What if I told you that you can create stunning 3D gaussian splatting videos from just 3 images in under a minute? Seems too good to be true. But just wait a minute, thanks to NVIDIA Research’s InstantSplat now you can! Their newly open source code can easily be ran on a Windows or Linux machine. In my hands-on video below, I walk you through the ins and outs of making your first InstantSplat. As a bonus, I also created a handy browser interface via Gradio so you don’t have to deal with command line once it’s set up!
What You Need to Run InstantSplat
Before you get started, ensure you have the right setup:
- Windows or Linux PC (my instructions are for windows, but the original project instructions are for Linux)

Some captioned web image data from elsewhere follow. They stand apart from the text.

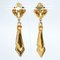 Chanel Tie Motif Earrings Here Mark Vintage Gold Plated Ladies, Set of 2, Image 3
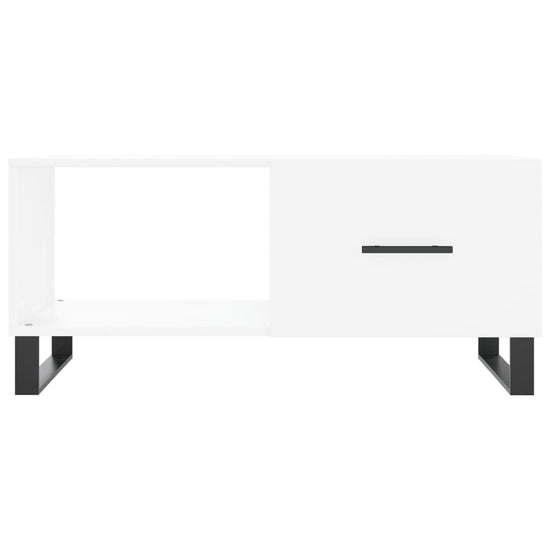 Salontafel 90x50x40 cm bewerkt hout wit MeubelReus
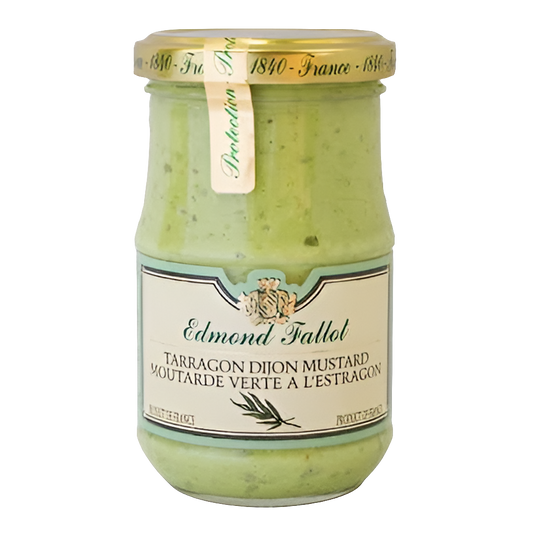 Edmond fallot-Moutarde verte à l'estragon (Green Mustard with Tarragon) 210 ml
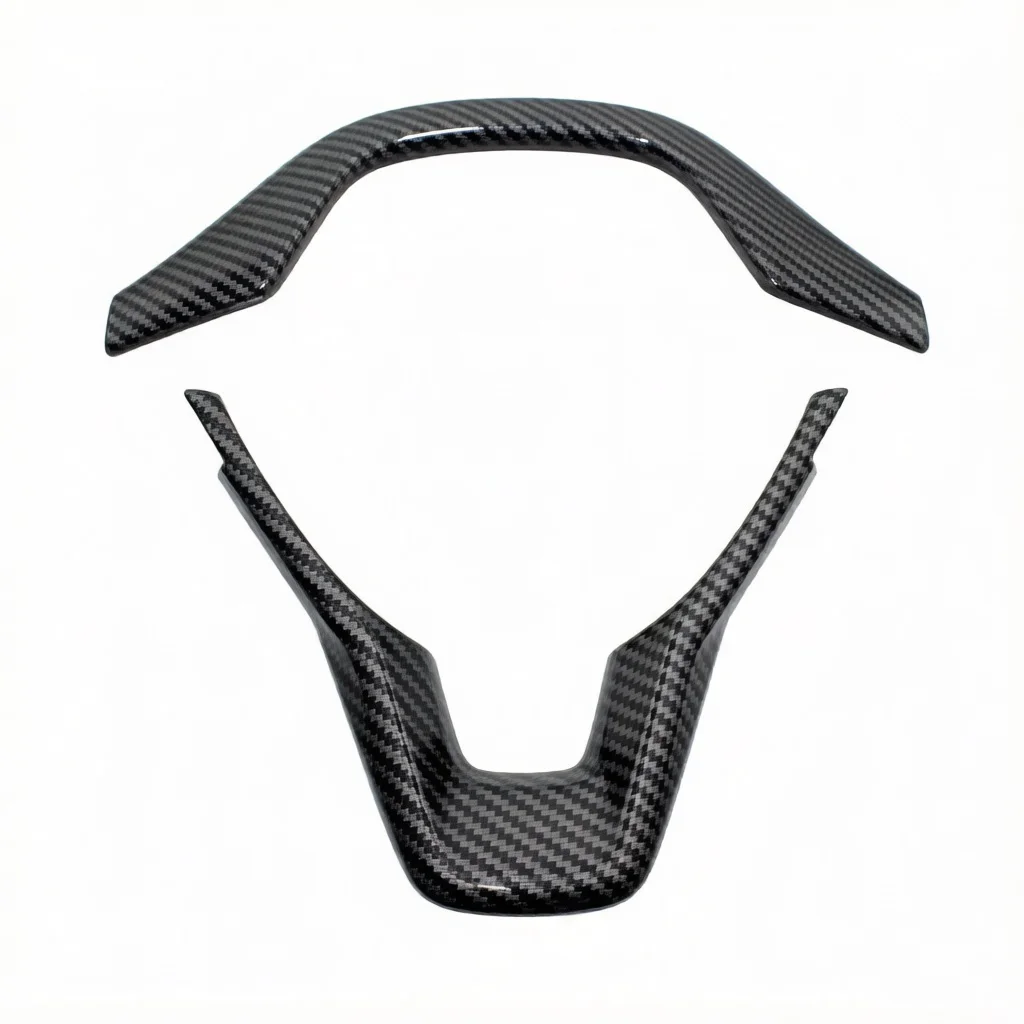 

Steering Wheel Panel Trim Sticker for Honda Accord 2018-2022 City 2020-2024 ABS Chrome/ Carbon Fiber Interior Accessories Decal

- A decent NVIDIA GPU (RTX 30xx or better)
- My setup in this video: Dell Precision 3680 Workstation w/Intel i9 core 14900k, NVIDIA RTX 6000 Ada, 64GB RAM (over spec’d for this project)
Getting Started
Setting up the project is easy. Ensure you have Visual Studio installed with CUDA Toolkit 11.8 or newer (if you don’t have these already installed, ensure you install VS before CUDA Toolkit). Next, follow my step by step prompt instructions to set up InstantSplat. Once you have everything set up, all you do is run a simple command that runs the GUI in your browser.
You can find the complete installation and usage directions on my GitHub page: https://github.com/jonstephens85/InstantSplat_Windows
How InstantSplat Works
When created a 3D Gaussian splatting scene, the first step is determining the camera positions in 3D space from each image and generating a sparse point cloud. Traditional SfM workflows such as COLMAP or RealityCapture requires many images to accomplish this. InstantSplat directly transforms 2D images into 3D poses by using a machine learning model called MASt3R. This model predicts the depth (how far objects are from the camera) and aligns images correctly.

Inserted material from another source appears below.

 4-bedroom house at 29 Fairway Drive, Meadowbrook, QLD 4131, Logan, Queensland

Next, InstantSplat represents the scene as a set of 3D Gaussians. The gaussians are placed in space to match the reference images and are adjusted so that when viewed from any angle, they recreate the original scene. Since the input images don’t have precise camera positions from Mast3r, InstantSplat further refines them by comparing the predicted images to the real ones and adjusting until they match.
If parts of the scene are repeated (like leaves in different images), InstantSplat removes duplicates and keeps only the necessary details to speed up the process. InstantSplats continuously learns and corrects itself using a feedback loop by comparing the rendered 3D model to the original images and tweaks the scene to make it look more realistic.
Since the scene only uses 3 -12 input images, the project goes lightning fast and at the end it renders stunningly realistic videos!
Why Use InstantSplat
Aside from the “cool factor” when you run the project the first time, it leaves one thinking what could this be used for? Here are a few ideas I came up with:
- You want to create a nice smooth product shot but you don’t have a camera with a gimbal
- You took a few photos of scene on a trip and want to turn it into 3D
- Mars rover shots in 3D! (Yes, this was actually done already with InstantSplat!